Bennny Lubiantara, Deputi Eksplorasi, Pengembangan, Menajemen Wilayah Kerja SKK Migas, mengungkapkan wacana perubahan skema kontrak blok Rokan dari gross split ke cost recovery memang sudah ada dan SKK Migas sudah siap membahasnya bersama dengan Pertamina.

“Kalau PHR (blok Rokan) sudah siap dibahas. Kami di SKK Migas siap aja. Memang WK Rokan masih relatif baru menggunakan gross split (2021), dibanding wilayah kerja gross split di PHE yang lain yang sudah sejak 2017 dan 2018,” kata Benny kepada Dunia Energi, Kamis (4/7).

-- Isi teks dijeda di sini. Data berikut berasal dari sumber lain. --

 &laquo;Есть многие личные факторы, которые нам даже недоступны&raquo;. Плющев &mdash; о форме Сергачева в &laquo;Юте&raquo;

Skema kontrak gross split sendiri diperkenalkan pemerintah belum lama ini. Melalui sistem ini maka seluruh biaya operasi menjadi tanggung jawab penuh dari Pertamina. Sebagai konsekuensinya, bagi hasil yang diterima oleh Pertamina menjadi lebih besar. Namun demikian dengan tingkat risiko yang sangat tinggi dalam industri hulu migas skema ini tentu bagi kontraktor menambah persentase risiko bagi kontraktor.

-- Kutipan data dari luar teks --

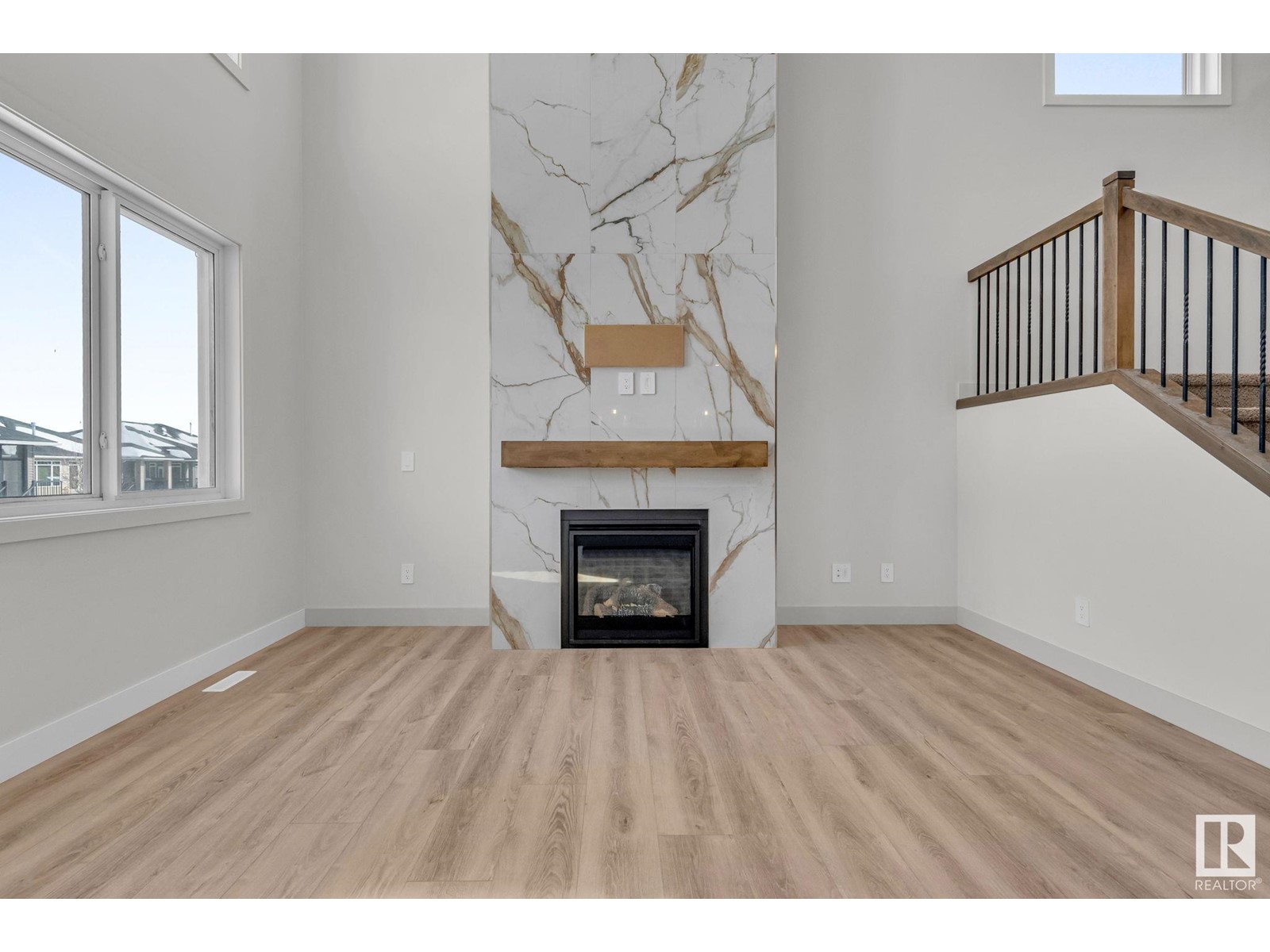 Property at 7 HOLT CV image 5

Sebaliknya melalui skema cost recovery risiko tinggi itu bisa dibagi dengan pemerintah. Ini yang dinilai lebih membuat para kontraktor mau berinvestasi.

Arifin Tasrif, Menteri Energi dan Sumber Daya Mineral (ESDM), menyatakan bisa saja blok Rokan berubah skema kontraknya tapi tetap harus memenuhi syarat.

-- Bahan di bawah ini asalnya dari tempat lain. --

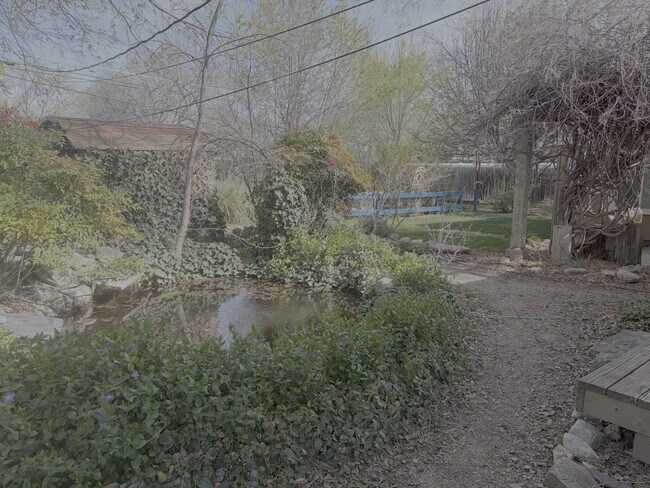 Building Photo - 3015 Meadow Ln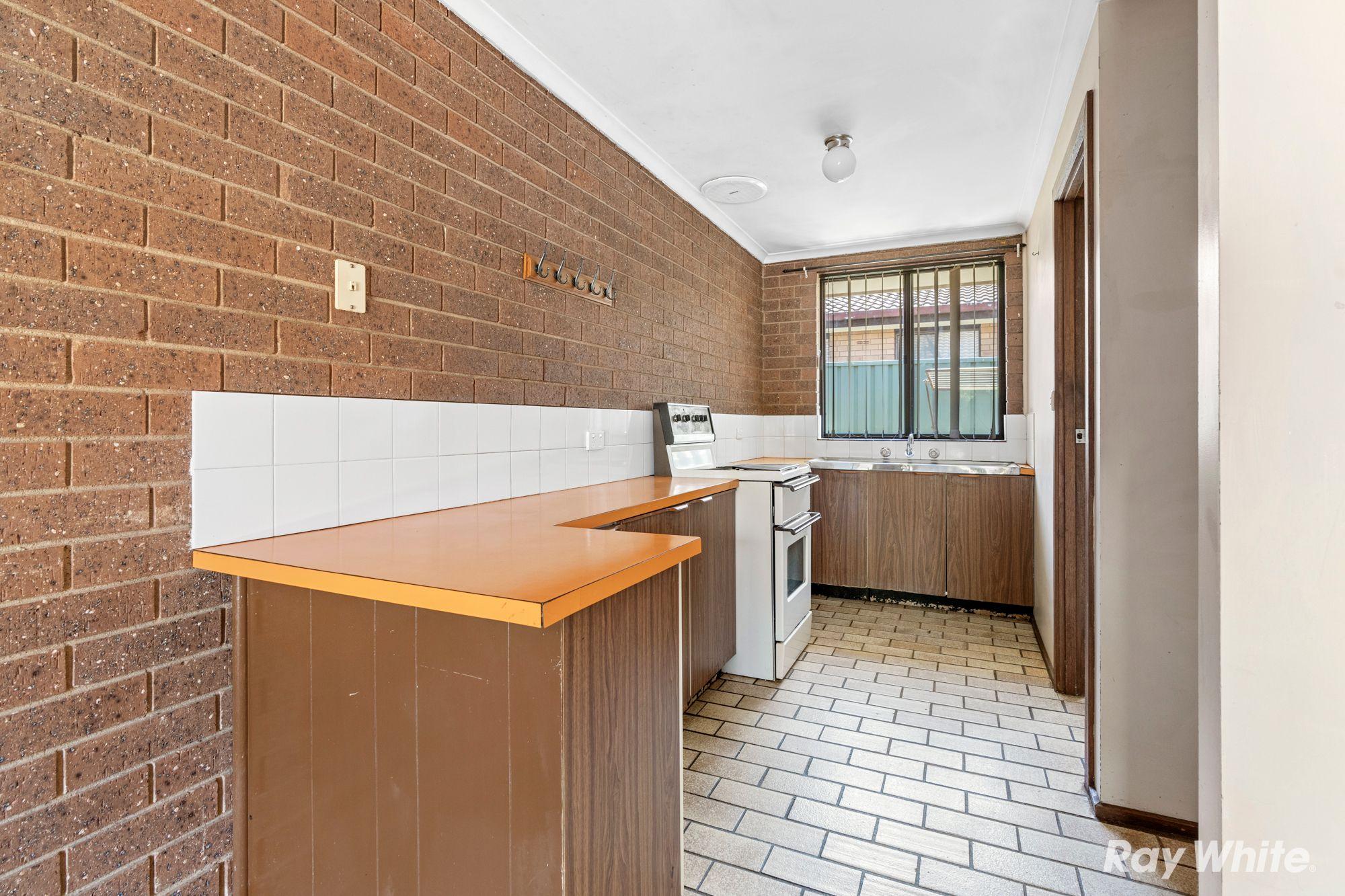 Well-Priced 2 Bedroom Unit Offering Easy Living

“Kalau prospek bagus dan bagian pemerintah lifting naik, kan boleh kalau lifting naik,” kata Arifin ditemui di Jakarta belum lama ini.

Fleksibilitas yang diberikan pemerintah ini bertujuan untuk mendorong investasi di sektor hulu migas. Arifin pernah mengakui ada saja kontraktor yang tidak serius untuk berinvestasi lantaran tidak mendapatkan jaminan pengembalian biaya.